地球学が求められている

酸素は大気中に多くありすぎても困るが、現在量はその意味でちょうどいいレベルにある。皮肉な見方をすれば、人類はその過程を、オゾン層の破壊ということで実験的に確かめようとしているともいえる。地球環境は新たな生物種の出現によって変化し、そのためそれ以前の生物種を絶滅に追いやることもある。光合成生物の出現はその例である。人類はそれに匹敵する環境変化を地球にもたらそうとしているのかもしれない。

我々はこれまで地球の自然の営みのなかで、そこからそれほど逸脱することもなく生きてきた。人類が誕生して四〇〇万年間のほとんどは地球の生態系のなかに組みこまれ、人類以外の生態系とバランスする形で地球に生かされてきた。

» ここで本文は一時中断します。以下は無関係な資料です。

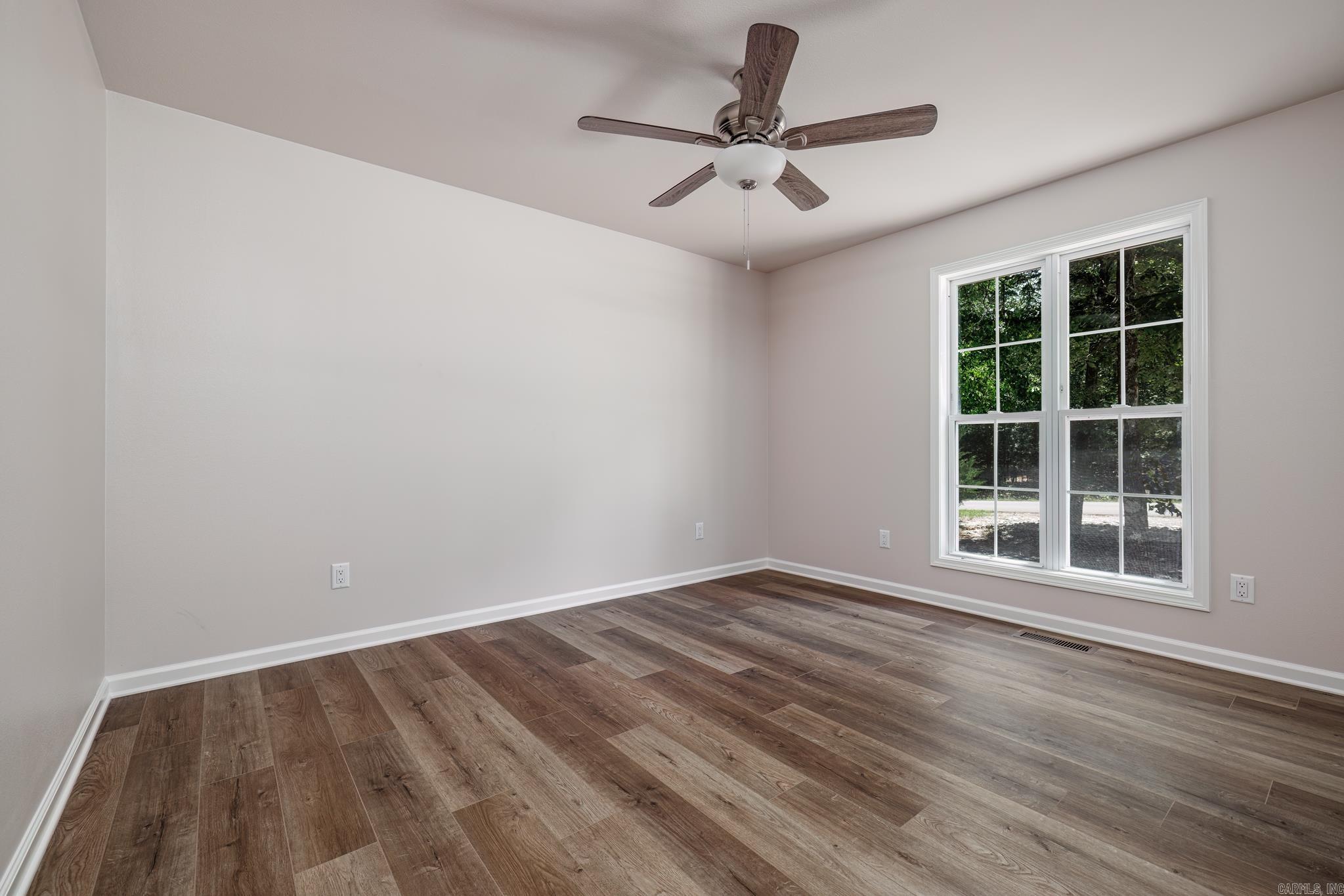 BALBOA - Residential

人類史のうえで転機が訪れたのは約一万年前である。この時人類は農耕をはじめた。農耕とは、地球の生態系とは異なる人工の生態系をつくりだすことである。そのために食料が確保され、この時から人類のより安定した生存が保証されることになる。人工の生態系を拡大するためには、地球(自然)を知り、それを征服することが必要である。そのために文明が生まれた。文明とは、その発生時から地球と敵対する宿命にあったといえよう。文明の盛衰の歴史はそのまま環境問題に集約できるのではなかろうか。

一万年前、人類は地球を食いつぶすことで自らの繁栄をきずくという道を選択した。その延長線上に現在がある。これまでの文明はその規模がローカルであったために、その本質が問われなかっただけのことである。ところが現代文明はその維持と発展のために、巨大なエネルギーと物質を消費する。一方で人類の生存はより確かに保証され、人口が急激に増加し、地球の生態系のなかで突出した存在となった。

その結果、現在の地球環境問題が生じたといえる。問題となる原因物質の排出を規制することは必要であるが、それが本当の解決策ではないことはおわかりいただけよう。それは単なる対症療法的なものにすぎない。一時的な流行として地球環境問題をとらえることはもっと危険である。